**RECORDS FOR THE EXERCISE:**
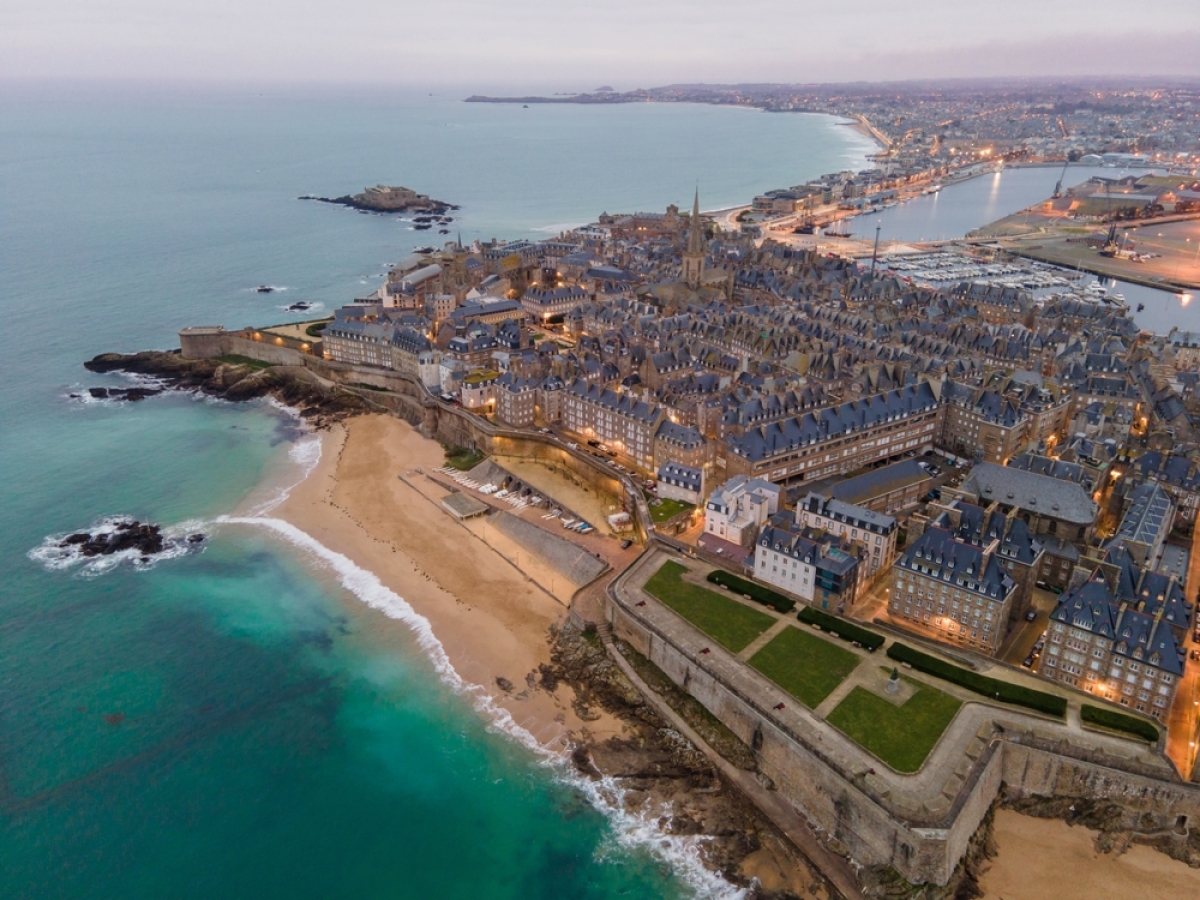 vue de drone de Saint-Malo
--
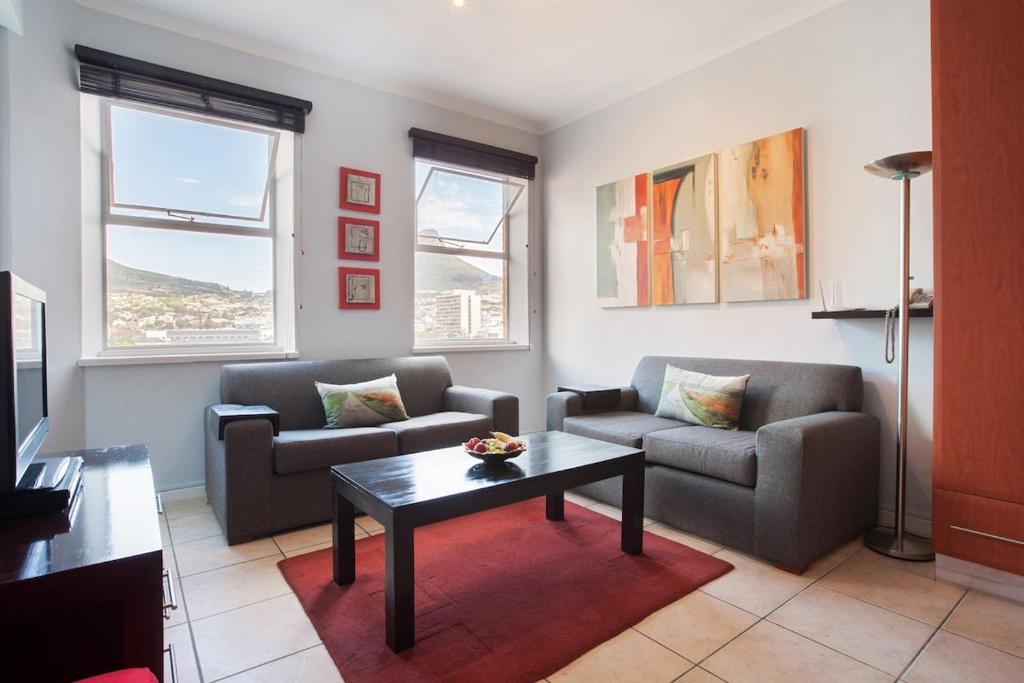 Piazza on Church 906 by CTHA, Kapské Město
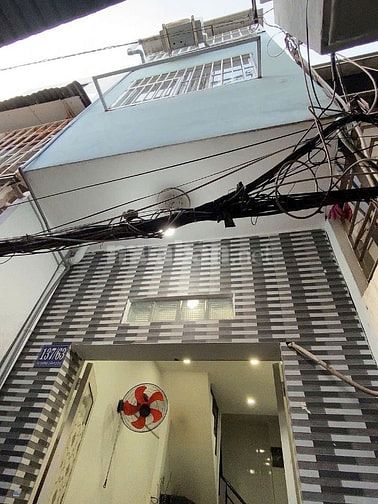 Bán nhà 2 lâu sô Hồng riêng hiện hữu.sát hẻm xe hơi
...
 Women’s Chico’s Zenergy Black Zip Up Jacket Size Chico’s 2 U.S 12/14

**DESCRIPTION OF THE TASK:** Quote the lines above exactly, starting with the one that has "Piazza on Church 906 by CTHA, Kapské Město" and ending with the one that has "Bán nhà 2 lâu"; drop the pictures and include nothing else.

**TASK RESULT:**
 Piazza on Church 906 by CTHA, Kapské Město
 Bán nhà 2 lâu sô Hồng riêng hiện hữu.sát hẻm xe hơi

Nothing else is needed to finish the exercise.